1982年発表の「スリラー」のミュージックビデオの革命的な成功によって、ポップスを

視覚的な芸術に変えた、という。

あまりに見事な成功によって、それ以後のどんなアーティストのミュージックビデオといえども

しょぼくみえてしまった。

それはマイケルにとっても例外ではない。誰も「スリラー」を超えられないばかりか、

マイケル本人にも超えられない作品となった。

いわば、一種の「呪い」となったのだ、という論旨。

しかし、それはマイケルの才能だけによるものだろうか。

アルバムのプロデューサーだったクインシー・ジョーンズの手腕によるものが大きかった。

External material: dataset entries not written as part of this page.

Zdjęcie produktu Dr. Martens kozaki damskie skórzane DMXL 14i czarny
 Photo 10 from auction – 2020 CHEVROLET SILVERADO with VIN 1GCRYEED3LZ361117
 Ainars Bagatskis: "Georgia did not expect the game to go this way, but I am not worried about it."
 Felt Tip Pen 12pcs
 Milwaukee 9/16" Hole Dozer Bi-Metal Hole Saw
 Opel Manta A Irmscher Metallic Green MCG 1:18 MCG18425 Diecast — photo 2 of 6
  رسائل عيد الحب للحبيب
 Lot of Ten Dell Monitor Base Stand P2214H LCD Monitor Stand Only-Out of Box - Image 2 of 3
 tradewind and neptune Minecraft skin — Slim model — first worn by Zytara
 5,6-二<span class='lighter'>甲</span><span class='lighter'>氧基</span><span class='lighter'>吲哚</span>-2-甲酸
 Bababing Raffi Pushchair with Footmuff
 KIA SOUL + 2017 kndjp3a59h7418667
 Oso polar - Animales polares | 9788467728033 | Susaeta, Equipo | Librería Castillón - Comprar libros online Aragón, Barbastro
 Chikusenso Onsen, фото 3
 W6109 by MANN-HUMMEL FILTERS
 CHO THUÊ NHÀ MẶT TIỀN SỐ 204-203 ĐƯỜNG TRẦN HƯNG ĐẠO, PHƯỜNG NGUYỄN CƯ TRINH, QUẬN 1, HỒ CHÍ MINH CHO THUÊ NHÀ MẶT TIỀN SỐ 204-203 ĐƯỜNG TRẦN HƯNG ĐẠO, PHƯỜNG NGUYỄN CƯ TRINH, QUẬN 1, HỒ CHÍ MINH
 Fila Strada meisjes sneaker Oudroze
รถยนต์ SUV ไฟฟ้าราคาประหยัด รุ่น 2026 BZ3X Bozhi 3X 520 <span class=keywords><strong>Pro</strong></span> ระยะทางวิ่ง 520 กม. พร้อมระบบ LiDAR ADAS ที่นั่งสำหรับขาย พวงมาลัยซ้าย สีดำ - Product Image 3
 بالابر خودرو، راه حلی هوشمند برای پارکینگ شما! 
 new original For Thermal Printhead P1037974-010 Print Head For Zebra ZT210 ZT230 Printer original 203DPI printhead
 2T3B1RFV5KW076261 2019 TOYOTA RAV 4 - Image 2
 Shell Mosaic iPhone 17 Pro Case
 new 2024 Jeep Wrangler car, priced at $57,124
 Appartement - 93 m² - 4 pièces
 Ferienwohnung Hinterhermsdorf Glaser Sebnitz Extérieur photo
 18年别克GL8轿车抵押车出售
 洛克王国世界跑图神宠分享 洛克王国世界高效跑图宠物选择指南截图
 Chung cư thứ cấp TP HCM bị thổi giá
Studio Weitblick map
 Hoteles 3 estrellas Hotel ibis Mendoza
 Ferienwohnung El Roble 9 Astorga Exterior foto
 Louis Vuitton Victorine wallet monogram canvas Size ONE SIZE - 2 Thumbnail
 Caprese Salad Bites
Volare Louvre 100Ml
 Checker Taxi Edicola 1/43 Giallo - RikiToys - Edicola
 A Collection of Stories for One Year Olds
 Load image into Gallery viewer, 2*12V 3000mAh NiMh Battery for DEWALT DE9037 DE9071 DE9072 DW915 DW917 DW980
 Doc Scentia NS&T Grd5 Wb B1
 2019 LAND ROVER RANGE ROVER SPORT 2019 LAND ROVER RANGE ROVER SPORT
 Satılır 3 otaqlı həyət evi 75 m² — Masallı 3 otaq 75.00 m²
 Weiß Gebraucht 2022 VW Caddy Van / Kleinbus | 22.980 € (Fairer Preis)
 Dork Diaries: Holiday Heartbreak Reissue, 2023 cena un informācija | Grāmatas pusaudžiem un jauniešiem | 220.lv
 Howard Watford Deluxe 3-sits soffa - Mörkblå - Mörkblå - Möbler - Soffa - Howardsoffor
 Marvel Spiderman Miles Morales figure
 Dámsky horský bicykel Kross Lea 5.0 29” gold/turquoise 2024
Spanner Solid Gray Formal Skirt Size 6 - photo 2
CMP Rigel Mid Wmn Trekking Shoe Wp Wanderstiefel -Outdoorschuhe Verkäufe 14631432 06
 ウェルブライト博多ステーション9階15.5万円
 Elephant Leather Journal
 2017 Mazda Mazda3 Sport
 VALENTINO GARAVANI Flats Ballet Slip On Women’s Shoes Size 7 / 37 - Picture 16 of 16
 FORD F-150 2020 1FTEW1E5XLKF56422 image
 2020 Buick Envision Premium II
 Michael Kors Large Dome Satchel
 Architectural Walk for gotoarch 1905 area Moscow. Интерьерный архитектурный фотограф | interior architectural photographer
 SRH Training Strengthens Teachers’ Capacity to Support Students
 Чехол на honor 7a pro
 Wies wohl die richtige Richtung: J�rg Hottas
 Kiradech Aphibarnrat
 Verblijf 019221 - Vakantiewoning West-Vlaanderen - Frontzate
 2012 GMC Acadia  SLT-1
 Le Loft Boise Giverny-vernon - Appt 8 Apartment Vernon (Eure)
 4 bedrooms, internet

《歌手としては声量があるとも言えないし、傑出したソングライターでもない。

 ただ、彼には、とんでもないアイドル性、スター性があった。

  プロデューサー、ミュージシャン、ビデオ監督、衣裳、特殊メーク、振り付け。

 こうした優れたスタッフが、マイケルをより魅力的に作り上げた。

 彼自身もそれに満足していただろう》

キング・オブ・ポップ」という言葉が独り歩きしている面があるが、ポップミュージックの

世界とはそういうものなのだ、とバラカンさんは言う。

そうか、「スリラー」をマイケルは超えようとして、努力をつくし、苦しみもしたか。

それは、たしかに成功というものの「呪い」か。